2. Nick Drake is considered by some as almost God-like. I think he's dull. Nevertheless he was a better singer, songwriter and guitarist than Bowie. The fact that he died young may have had some influence on his career but it was never going anywhere anyway, as far as I can tell.
3. The chart topper met a bloke in a pub, went to an audition and three months later is on stage with 20 girls dancing behind him - a definitive overnight success.
Can you be Big Star? Are you? Then no. You wouldn't be reading this if you were that talented - you'd be making music.
Can you be Nick Drake? Maybe but are you in the right place at the right time with the right product. Success on talent alone is possible but a small niche market is going to be about the best you can achieve, if even that.
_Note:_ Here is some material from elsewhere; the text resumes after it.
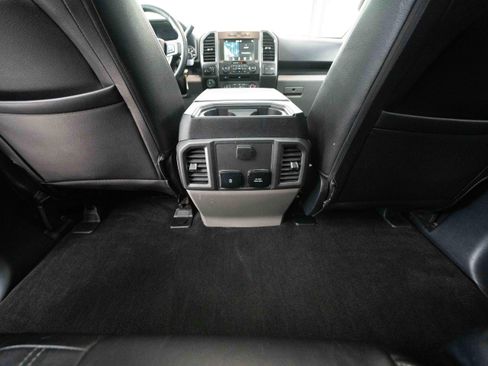 Used 2018 Ford F150 XLT w/ Equipment Group 302A Luxury AWD/4WD image 22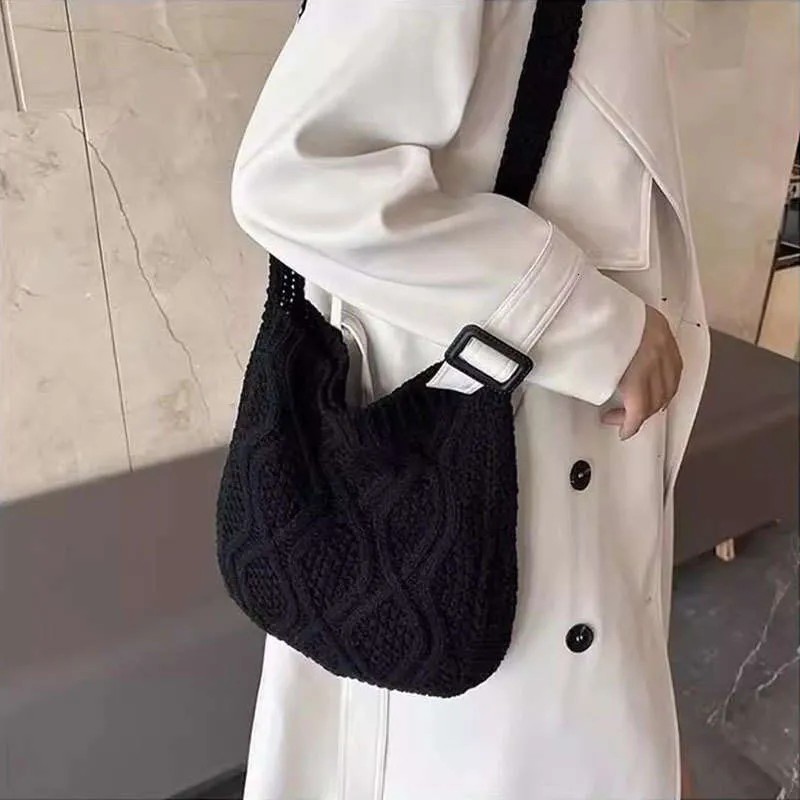 New Knitted Art Crossbody Bags Solid Color Tote Spinach Twist Shoulder Women's Bag_voghion.com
Drake did have some success but he wasn't Cat Stevens in 1967. He may have went on to achieve mainstream notoriety in his lifetime but only if he was promoted over others - that's just how the music industry works.
Can you be Bowie? Yes, because you understand analogy and can conceive of how it's possible to transform information and are prepared to put in some work. I don't know how Bowie got his initial start but we do know he didn't base his entire career on songs similar to The Laughing Gnome.
So the answer to the title of the question is that if you have the talent you can have overnight success but you will probably need to be given some sort of opportunity by someone else. Maybe you'd be happy with just doing a few small concerts and selling your CDs in the street, and to many that might be success, because even if you do have talent it's not always required by those who would help you exploit it
The moral of this ramble being that we should emulate Bowie for success in marketing by being adaptable to market needs, fulfilling those needs by whatever means is necessary and by improving or learning new skills all the time so that when opportunities arise you are prepared to meet them. I think we have reached a conclusion which has probably been reached a million times already on this forum - seems like I've just repeated the obvious in a different way.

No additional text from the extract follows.